Após essa introdução, Sarno transita para uma representação cênica que reúne Lúcifer e Santanás em discussões sobre o futuro do país. Este aspecto teatral, baseado na obra Na Vila de Vitória ou Auto de São Maurício, de Anchieta, traz à tona a ideia de que as determinações divinas deixaram de ser fator preponderante, delegando aos demônios o papel de decisores.
A ironia do destino é que a obra, considerada desaparecida, teve seu reencontro em 2023 graças ao biógrafo de Sarno, Piero Sbragia, que encontrou o curta na Cinemateca Nacional. “O achado foi acidental. Eu estava à procura de informações sobre o filme e, após conversar com a diretora técnica Gabriela Sousa de Queiroz, conseguimos localizá-lo entre os filmes não restaurados”, relata Sbragia.

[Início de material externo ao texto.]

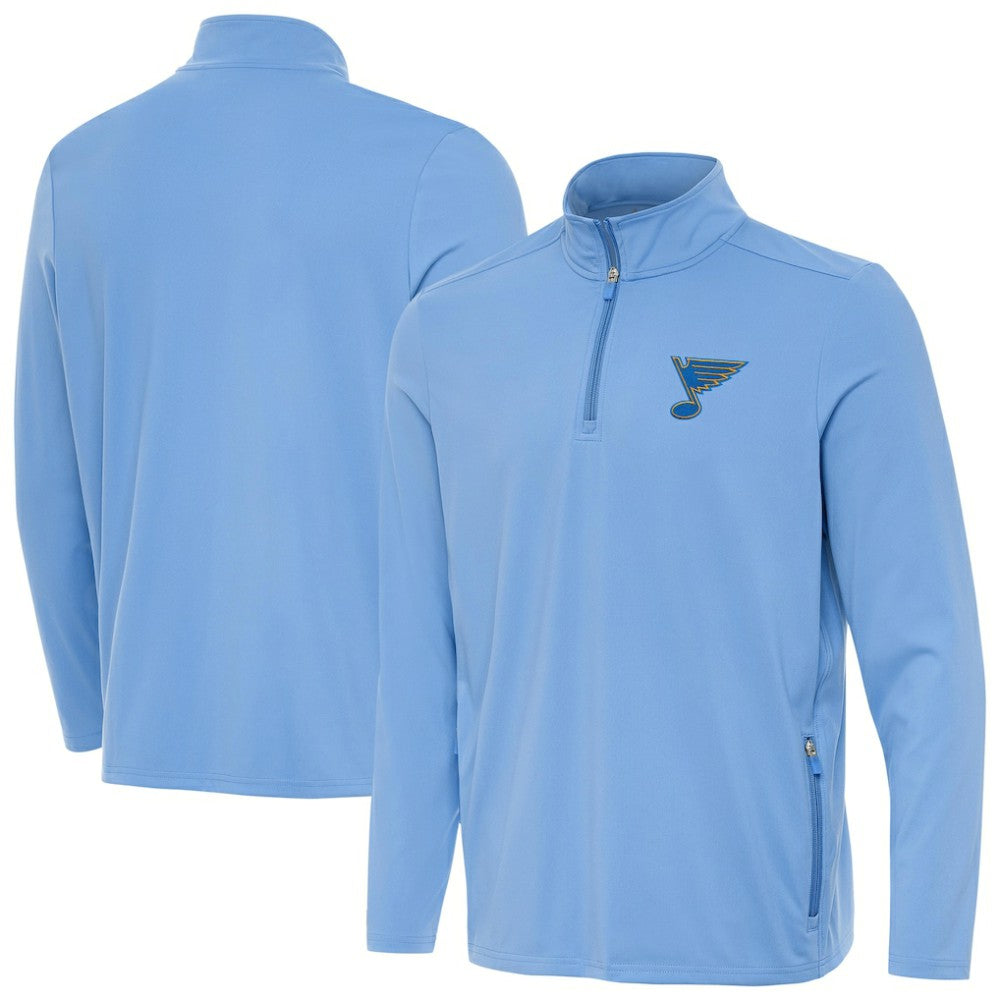 St. Louis Blues Antigua Perilous Quarter-Zip Sweatshirt - Blue Sweatshirts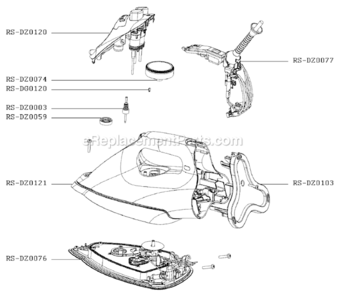 Page A Diagram and Parts List for DZ9060U1  Rowenta Iron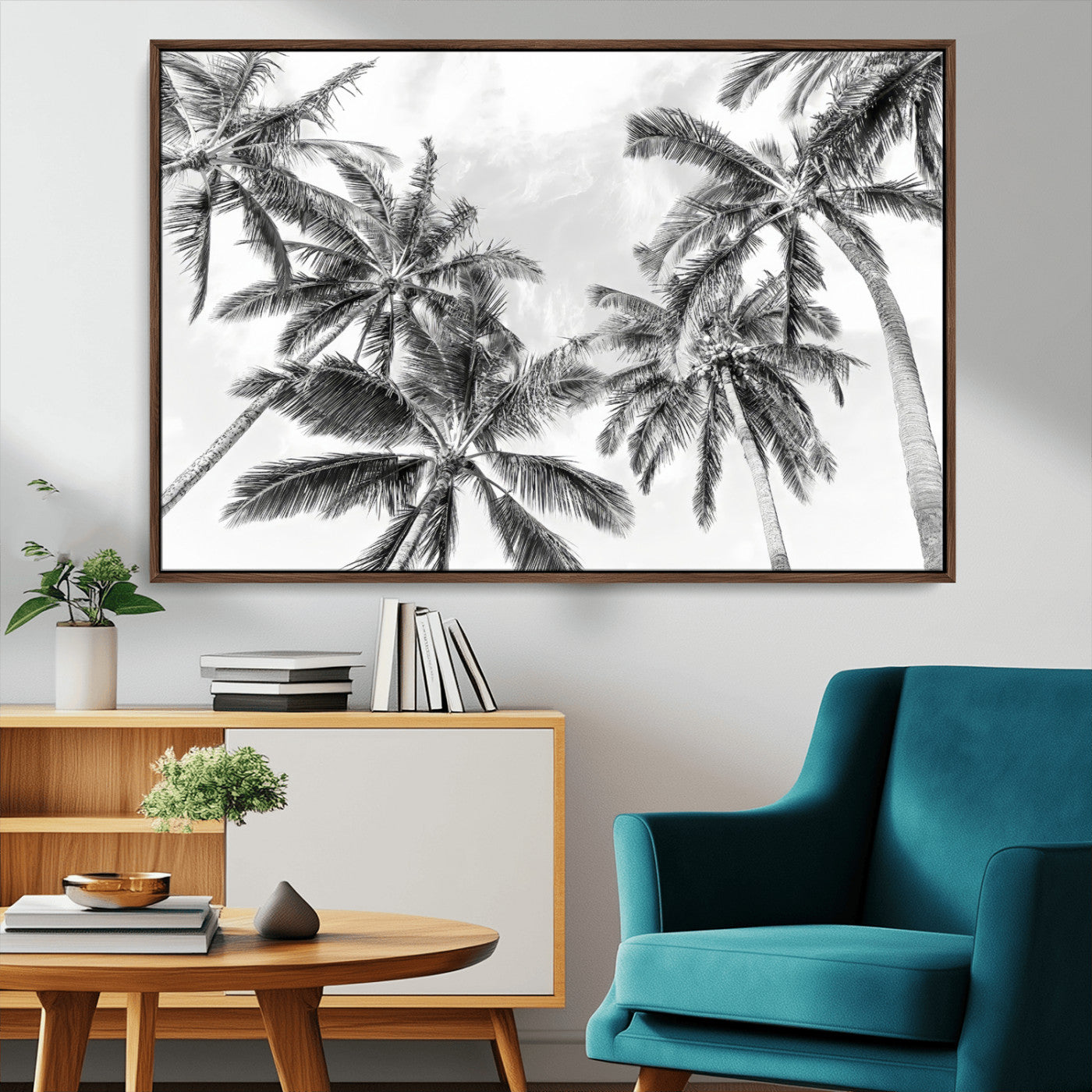 MGV-FC-36X24 - Black White Palm Wall Art Canvas Print, Framed Monochrome Tropics Art Picture Print, Minimalist Beach Perfect Coastal Minimalist Decor Artwork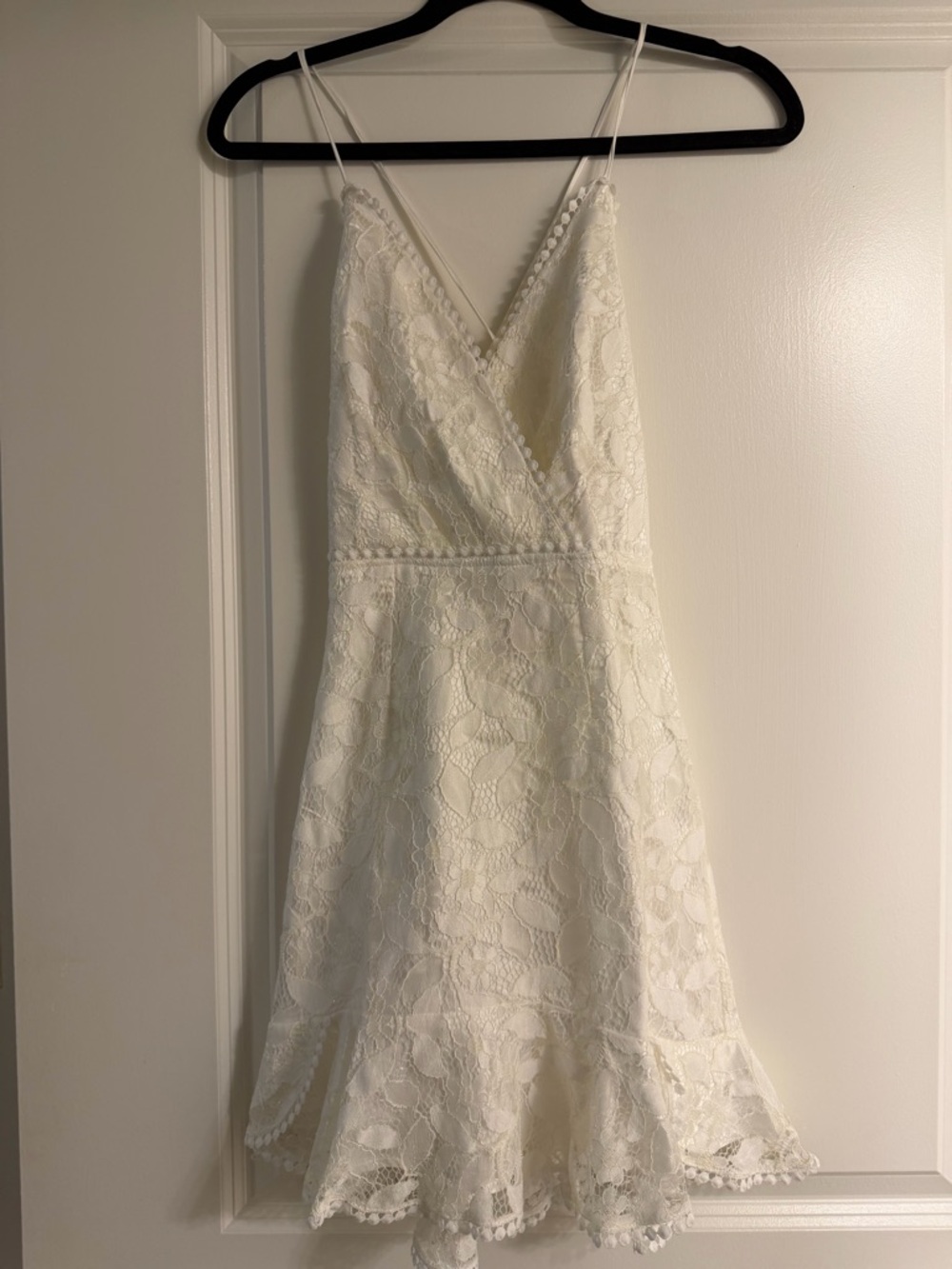 Showpo White Lace Mini Dress with Spaghetti Straps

Ao assistir ao filme, Sbragia comentou sobre a capacidade de Sarno de conectar o aspecto documental e crítico em sua montagem. “É impressionante como o trabalho dialoga com a cultura popular e as constantes reflexões sobre religião e política. A montagem, inspirada nos princípios de Eisenstein, sugere múltiplas interpretações e retórica visual que permanece relevante no cenário brasileiro atual”, conclui o biógrafo.